--- START ---

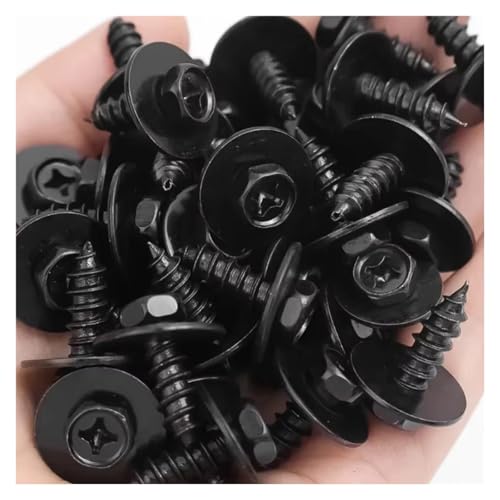 Clip Fixation Garde-boue Voiture 30 Pcs Vis Autotaraudeuses Hexagonales Universelles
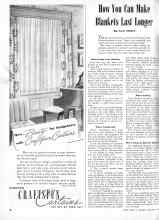 Better Homes & Gardens November 1946 Magazine Article: How You Can Make Blankets Last Longer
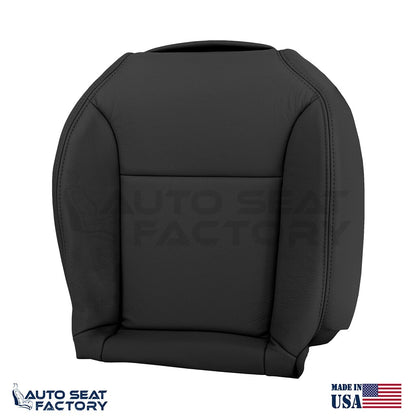 Black Vinyl PASSENGER Seat Cover Fits Saab 9-3 CONVERTIBLE 2004 - 2009 - OEM-Style Replacement Seat Cover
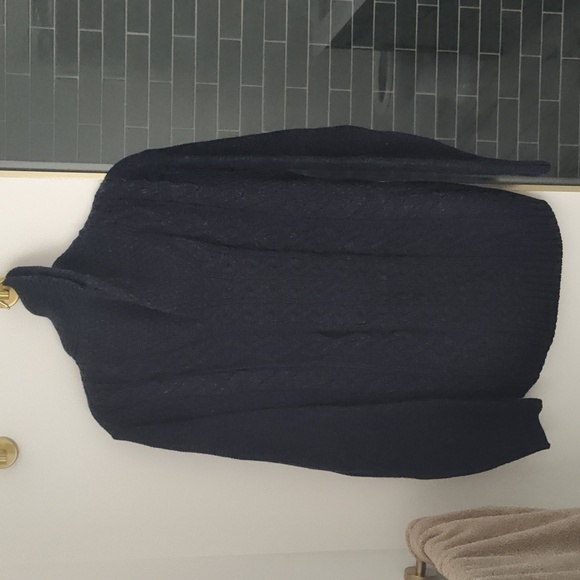 Ladies Navy heavyweight sweater L/XL. NWOT. - Picture 9 of 12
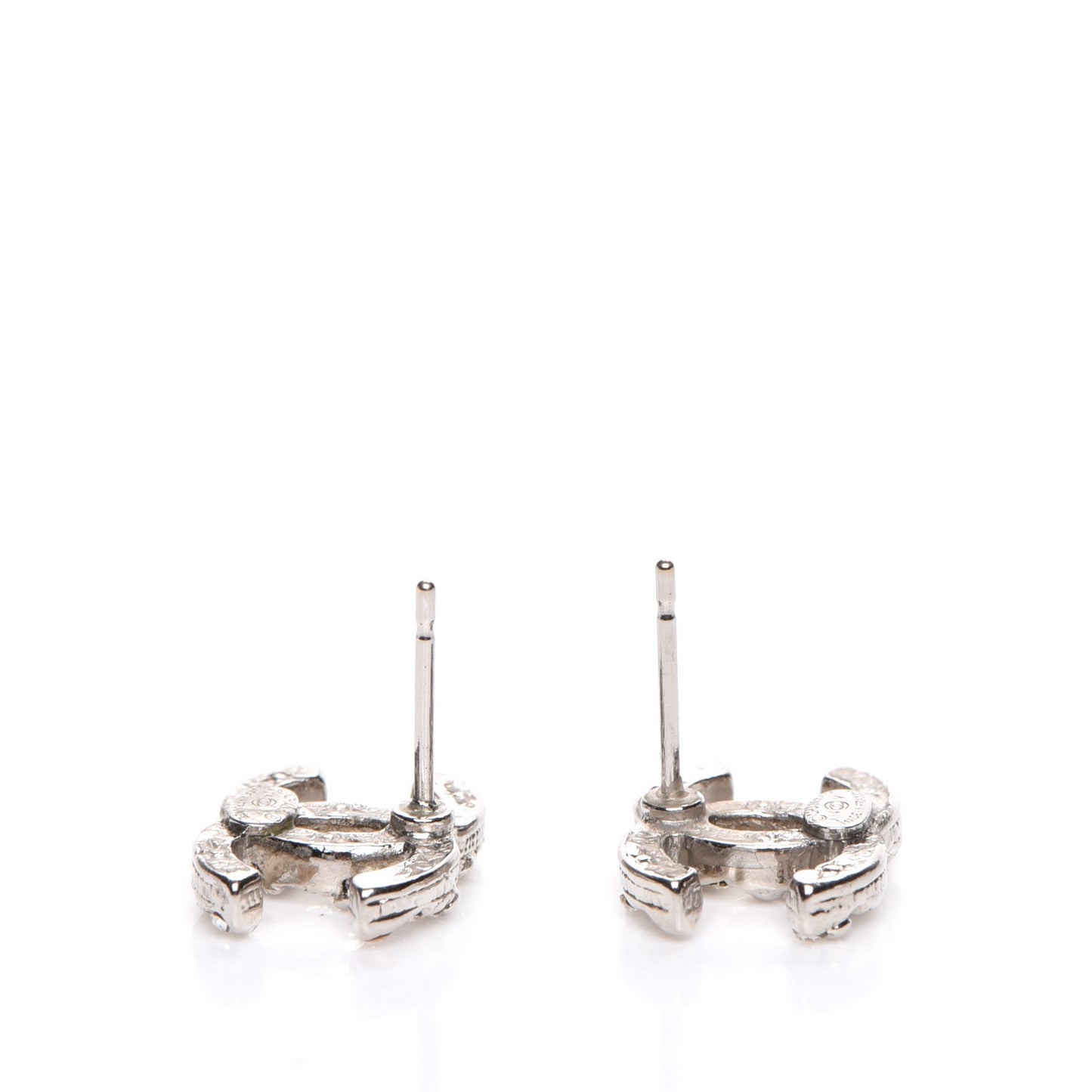 Crystal CC Earrings Silver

--- END ---

Task item: A verbatim printout of the entries above is expected, free of pictures.

The completed task:
 Clip Fixation Garde-boue Voiture 30 Pcs Vis Autotaraudeuses Hexagonales Universelles
 Better Homes & Gardens November 1946 Magazine Article: How You Can Make Blankets Last Longer
 Black Vinyl PASSENGER Seat Cover Fits Saab 9-3 CONVERTIBLE 2004 - 2009 - OEM-Style Replacement Seat Cover
 Ladies Navy heavyweight sweater L/XL. NWOT. - Picture 9 of 12
 Crystal CC Earrings Silver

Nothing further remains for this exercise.